> TASK DESCRIPTION:
Transcription, pictures excluded: write out the data below exactly.

> DATA EXCERPT:
—————

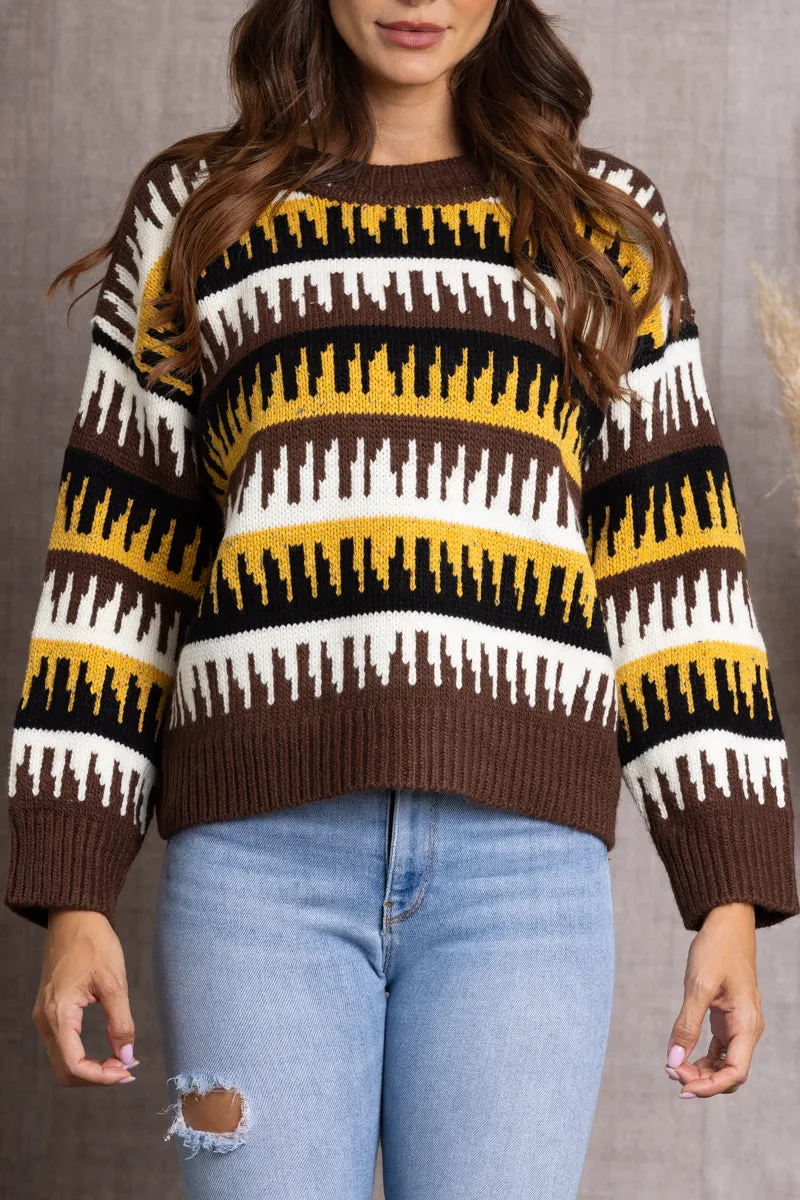 BROWN CABLE KNIT SWEATER-ILT1374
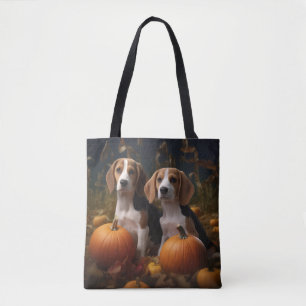 Tote Bag American Anglais Foxhound Puppy Automne Delight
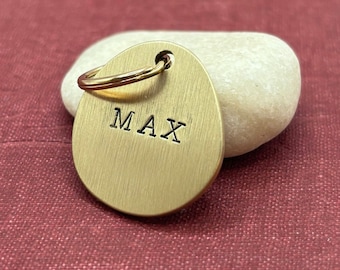 Luxury Hand Stamped Personalized Custom Pet ID Tags for Dogs and Cats in Solid Brass Dog ID Custom Collar Tag gold, Oval shaped dog tag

—————

> YOUR RESPONSE:
 BROWN CABLE KNIT SWEATER-ILT1374
 Tote Bag American Anglais Foxhound Puppy Automne Delight
 Luxury Hand Stamped Personalized Custom Pet ID Tags for Dogs and Cats in Solid Brass Dog ID Custom Collar Tag gold, Oval shaped dog tag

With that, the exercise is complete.